Work task> Set down the entries again word for word, without any of the images.

Available data>
+--
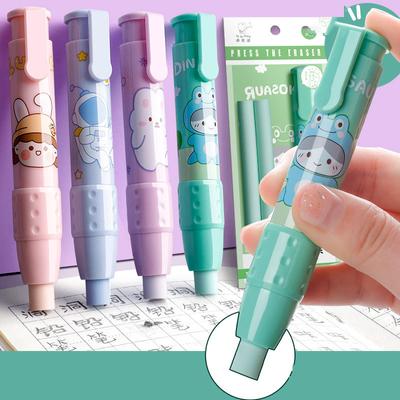 Geri çekilebilir Silgiler Basın Kalem Kauçuk Silgiler Okul Kırtasiye Malzemeleri Sanat Boyama Kurşun Kalem Silgisi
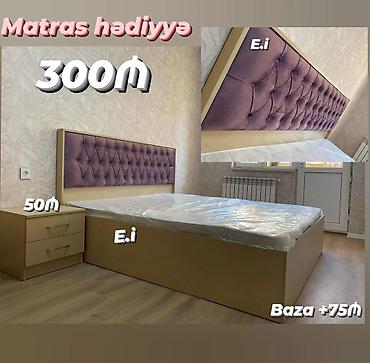 mebel alan: Yataq dəsti – modern dizaynlı, yumşaq kapitonlu bənövşəyi başlıq və — 1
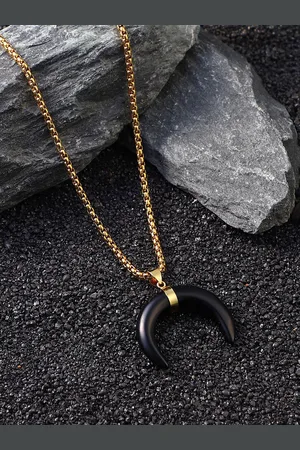 French Accent Men Gold-Plated Pendant With Chain
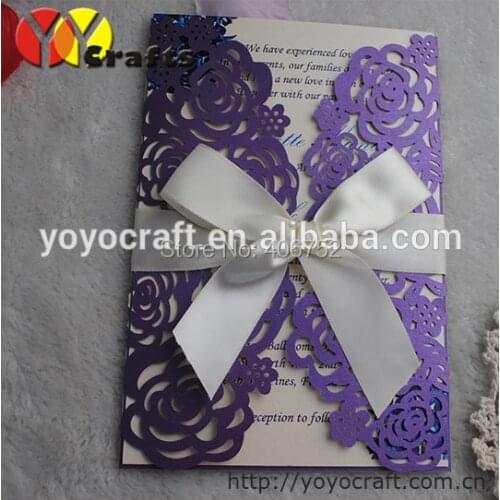 50sets purple wedding invitation cards laser cut flower wedding individual invitation cards with ribbon and buckle as option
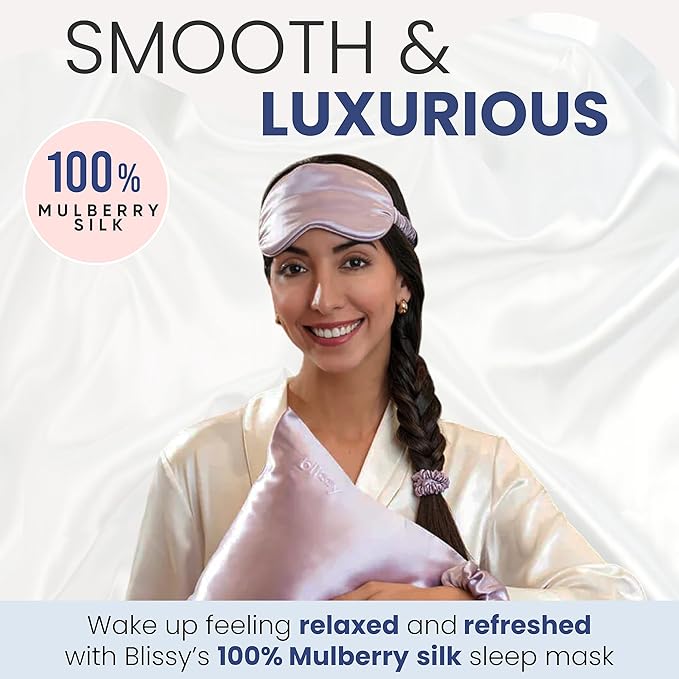 Blissy Silk Sleep Mask - Silk Eye Sleeping Mask for Women & Men for Total Blackout - 100% Pure Mulberry Silk, 22 Momme 6a Fibers - Blindfold Silk Sleep Mask Side Sleeper Eye Cover (Lavender)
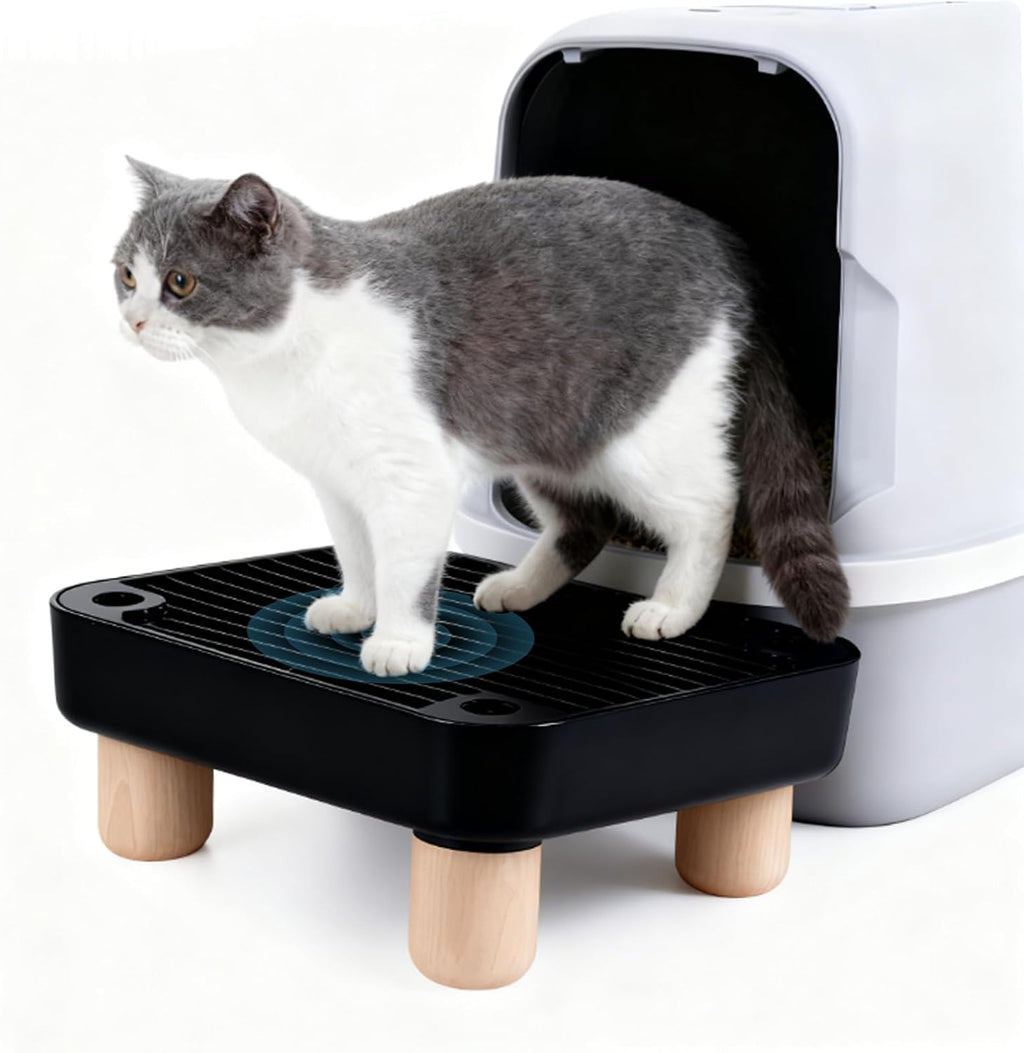 Litter Box Step, Litter Box Ramp/Catcher with Wooden Base，Pet Step Stool for Filter Function, Easy to Clean,Ideal for Kitten/Elderly Cats(Black)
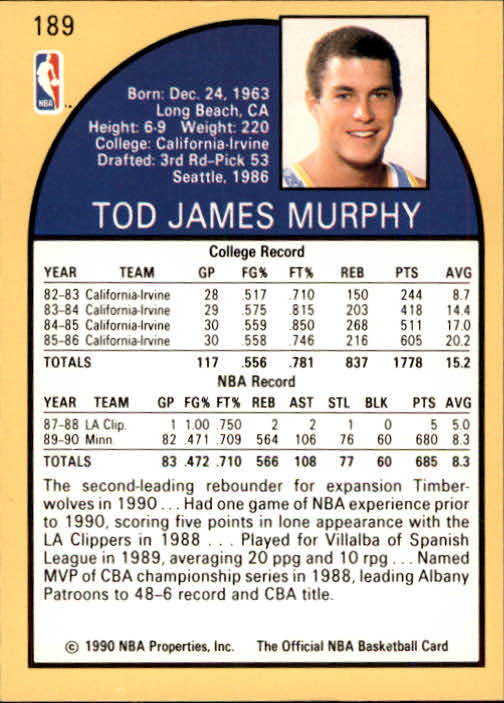 1990-91 Hoops #189 Tod Murphy back image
+--
Solution to this task>
 Geri çekilebilir Silgiler Basın Kalem Kauçuk Silgiler Okul Kırtasiye Malzemeleri Sanat Boyama Kurşun Kalem Silgisi
 mebel alan: Yataq dəsti – modern dizaynlı, yumşaq kapitonlu bənövşəyi başlıq və — 1
 French Accent Men Gold-Plated Pendant With Chain
 50sets purple wedding invitation cards laser cut flower wedding individual invitation cards with ribbon and buckle as option
 Blissy Silk Sleep Mask - Silk Eye Sleeping Mask for Women & Men for Total Blackout - 100% Pure Mulberry Silk, 22 Momme 6a Fibers - Blindfold Silk Sleep Mask Side Sleeper Eye Cover (Lavender)
 Litter Box Step, Litter Box Ramp/Catcher with Wooden Base，Pet Step Stool for Filter Function, Easy to Clean,Ideal for Kitten/Elderly Cats(Black)
 1990-91 Hoops #189 Tod Murphy back image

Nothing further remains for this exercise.